17        M. Tom était le chef d’équipe du fonctionnaire pendant la période en question. Il a déclaré qu’en janvier 2014, le fonctionnaire a communiqué avec lui afin de discuter de ses options et qu’en dépit de l’opinion de la Sun Life, il n’était pas apte à retourner au travail, selon le Dr Bernholtz. Au cours d’une conversation téléphonique, ils ont discuté des options offertes, qui plus tard ont été confirmées par écrit par M. Tom, le 14 février 2014 (consulter la lettre à la pièce 1 de l’onglet 3) à la demande du fonctionnaire. Le fonctionnaire a dit à M. Tom qu’il avait communiqué avec la Sun Life, qu’un retour au travail était imminent, et que l’ARC devrait être prête.

18        Afin de se préparer à un retour au travail plus tôt que prévu, l’ARC avait planifié une évaluation ergonomique pour le fonctionnaire, à laquelle il n’avait pu se présenter. À un moment donné durant son absence causée par son invalidité, le fonctionnaire s’était vu offrir un poste de niveau AU-02 dans la direction générale de l’application de la Loi, qui répondrait mieux à ses restrictions que son poste de vérificateur de l’impôt sur le revenu. Le fonctionnaire n’a jamais répondu à cette offre.

19        Après avoir reçu des indemnités pour accidents du travail, le fonctionnaire n’est jamais retourné dans le milieu de travail. Lorsqu’il a été jugé apte à retourner au travail par l’organisme des indemnisés pour accidents du travail, ses médecins n’étaient pas d’accord et le fonctionnaire a fait une demande de prestation d’invalidité de longue durée auprès de la Sun Life, qui a été acceptée et s’est poursuivie jusqu’en juin 2014. L’ARC n’a pas été impliquée dans la décision de la Sun Life de mettre fin aux prestations du fonctionnaire, mais, confrontée à son retour imminent en décembre 2013, elle a demandé à ce qu’un médecin choisi par le fonctionnaire mène une évaluation de son aptitude physique au travail.

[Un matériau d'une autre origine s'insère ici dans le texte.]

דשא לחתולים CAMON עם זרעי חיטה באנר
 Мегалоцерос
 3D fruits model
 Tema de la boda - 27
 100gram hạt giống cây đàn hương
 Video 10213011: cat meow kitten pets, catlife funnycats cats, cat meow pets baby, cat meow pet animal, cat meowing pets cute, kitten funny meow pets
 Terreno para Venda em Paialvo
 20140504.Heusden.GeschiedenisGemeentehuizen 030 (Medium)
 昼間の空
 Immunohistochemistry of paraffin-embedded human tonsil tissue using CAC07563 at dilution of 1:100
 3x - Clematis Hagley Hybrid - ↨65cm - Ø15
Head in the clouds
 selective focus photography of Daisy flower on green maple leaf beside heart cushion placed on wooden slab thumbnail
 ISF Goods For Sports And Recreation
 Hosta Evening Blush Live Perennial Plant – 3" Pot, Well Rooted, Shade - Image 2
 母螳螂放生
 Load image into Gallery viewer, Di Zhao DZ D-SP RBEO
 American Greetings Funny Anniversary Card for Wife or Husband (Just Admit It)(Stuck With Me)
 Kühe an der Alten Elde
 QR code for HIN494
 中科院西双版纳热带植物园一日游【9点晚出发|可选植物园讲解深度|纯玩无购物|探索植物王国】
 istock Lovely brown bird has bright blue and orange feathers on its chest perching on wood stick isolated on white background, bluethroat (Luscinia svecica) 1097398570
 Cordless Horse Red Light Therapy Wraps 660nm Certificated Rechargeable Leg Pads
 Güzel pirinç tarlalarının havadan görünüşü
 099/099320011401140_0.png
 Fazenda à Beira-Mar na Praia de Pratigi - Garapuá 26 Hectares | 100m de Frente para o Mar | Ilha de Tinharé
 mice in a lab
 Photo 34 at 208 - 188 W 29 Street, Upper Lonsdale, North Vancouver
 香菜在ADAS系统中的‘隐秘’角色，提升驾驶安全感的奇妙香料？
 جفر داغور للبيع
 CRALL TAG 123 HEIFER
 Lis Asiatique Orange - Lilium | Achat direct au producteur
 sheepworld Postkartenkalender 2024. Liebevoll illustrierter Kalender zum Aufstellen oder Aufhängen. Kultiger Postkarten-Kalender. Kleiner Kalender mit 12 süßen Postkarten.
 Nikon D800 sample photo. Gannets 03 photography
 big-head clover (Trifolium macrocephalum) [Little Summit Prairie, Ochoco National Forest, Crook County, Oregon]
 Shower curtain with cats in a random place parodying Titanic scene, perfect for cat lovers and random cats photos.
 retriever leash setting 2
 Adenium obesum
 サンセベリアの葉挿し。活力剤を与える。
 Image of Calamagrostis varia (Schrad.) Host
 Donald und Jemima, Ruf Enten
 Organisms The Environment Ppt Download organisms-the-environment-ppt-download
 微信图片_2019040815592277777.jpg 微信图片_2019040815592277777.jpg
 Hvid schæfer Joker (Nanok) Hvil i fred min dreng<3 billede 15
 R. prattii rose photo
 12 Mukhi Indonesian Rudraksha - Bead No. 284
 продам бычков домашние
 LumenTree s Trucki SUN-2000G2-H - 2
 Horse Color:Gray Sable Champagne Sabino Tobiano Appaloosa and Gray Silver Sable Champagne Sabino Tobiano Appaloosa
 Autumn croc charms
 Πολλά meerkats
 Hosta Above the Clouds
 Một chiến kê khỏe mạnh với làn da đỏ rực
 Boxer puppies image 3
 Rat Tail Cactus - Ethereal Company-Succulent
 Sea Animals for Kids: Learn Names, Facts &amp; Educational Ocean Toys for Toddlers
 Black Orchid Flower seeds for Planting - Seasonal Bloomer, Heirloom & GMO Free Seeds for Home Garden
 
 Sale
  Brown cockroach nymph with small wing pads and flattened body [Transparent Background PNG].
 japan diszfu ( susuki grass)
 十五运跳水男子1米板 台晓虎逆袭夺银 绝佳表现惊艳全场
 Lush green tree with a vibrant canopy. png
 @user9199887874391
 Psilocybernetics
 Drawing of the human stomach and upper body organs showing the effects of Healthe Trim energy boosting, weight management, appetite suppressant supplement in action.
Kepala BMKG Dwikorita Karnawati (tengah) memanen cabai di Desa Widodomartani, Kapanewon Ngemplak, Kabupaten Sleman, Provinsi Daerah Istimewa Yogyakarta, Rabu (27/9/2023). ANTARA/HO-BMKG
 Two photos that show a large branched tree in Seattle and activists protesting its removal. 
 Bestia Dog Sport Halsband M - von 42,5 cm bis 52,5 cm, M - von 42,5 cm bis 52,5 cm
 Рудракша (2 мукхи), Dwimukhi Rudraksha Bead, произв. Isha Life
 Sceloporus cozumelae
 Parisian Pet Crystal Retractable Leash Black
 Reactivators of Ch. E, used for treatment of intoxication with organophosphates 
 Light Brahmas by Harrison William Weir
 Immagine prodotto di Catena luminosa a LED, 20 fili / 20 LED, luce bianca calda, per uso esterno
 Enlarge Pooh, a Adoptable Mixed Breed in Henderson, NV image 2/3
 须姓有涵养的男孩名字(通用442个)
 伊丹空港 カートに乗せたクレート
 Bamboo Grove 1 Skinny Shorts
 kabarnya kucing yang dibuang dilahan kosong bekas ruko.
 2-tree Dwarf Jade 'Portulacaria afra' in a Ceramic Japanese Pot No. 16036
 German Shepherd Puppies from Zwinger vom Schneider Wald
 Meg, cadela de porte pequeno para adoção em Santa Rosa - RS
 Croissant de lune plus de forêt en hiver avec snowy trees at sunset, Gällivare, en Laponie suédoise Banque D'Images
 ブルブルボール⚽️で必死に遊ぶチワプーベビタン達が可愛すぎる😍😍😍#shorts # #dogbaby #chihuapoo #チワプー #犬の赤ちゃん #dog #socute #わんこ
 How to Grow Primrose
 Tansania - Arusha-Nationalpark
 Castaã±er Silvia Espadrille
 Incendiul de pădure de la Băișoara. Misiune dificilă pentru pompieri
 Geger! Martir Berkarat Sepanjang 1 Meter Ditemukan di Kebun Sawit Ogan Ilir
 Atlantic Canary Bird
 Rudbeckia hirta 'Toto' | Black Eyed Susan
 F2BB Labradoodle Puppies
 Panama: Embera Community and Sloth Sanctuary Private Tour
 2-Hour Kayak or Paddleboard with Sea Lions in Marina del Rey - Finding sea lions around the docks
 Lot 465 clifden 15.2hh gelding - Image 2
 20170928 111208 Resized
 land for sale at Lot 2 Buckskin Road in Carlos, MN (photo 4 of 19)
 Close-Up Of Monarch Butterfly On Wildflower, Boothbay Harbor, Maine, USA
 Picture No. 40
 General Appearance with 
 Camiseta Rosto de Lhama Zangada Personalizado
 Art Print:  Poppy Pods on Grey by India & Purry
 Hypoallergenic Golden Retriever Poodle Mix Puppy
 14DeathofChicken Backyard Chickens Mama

Le Dr Bernholtz a effectué cette évaluation en son nom et a indiqué que le fonctionnaire n’était pas apte à s’acquitter de ses fonctions de travail. Il a également indiqué qu’un retour au travail ne serait pas pertinent, puisque le fonctionnaire ne pouvait exercer à un travail qui serait réellement rémunérateur, étant donné ses restrictions (voir le formulaire rempli à la pièce 4). Par conséquent, aucun programme de retour au travail n’a été conçu pour le fonctionnaire, même si la Sun Life avait élaboré un plan de retour au travail (pièce 1, onglet 4).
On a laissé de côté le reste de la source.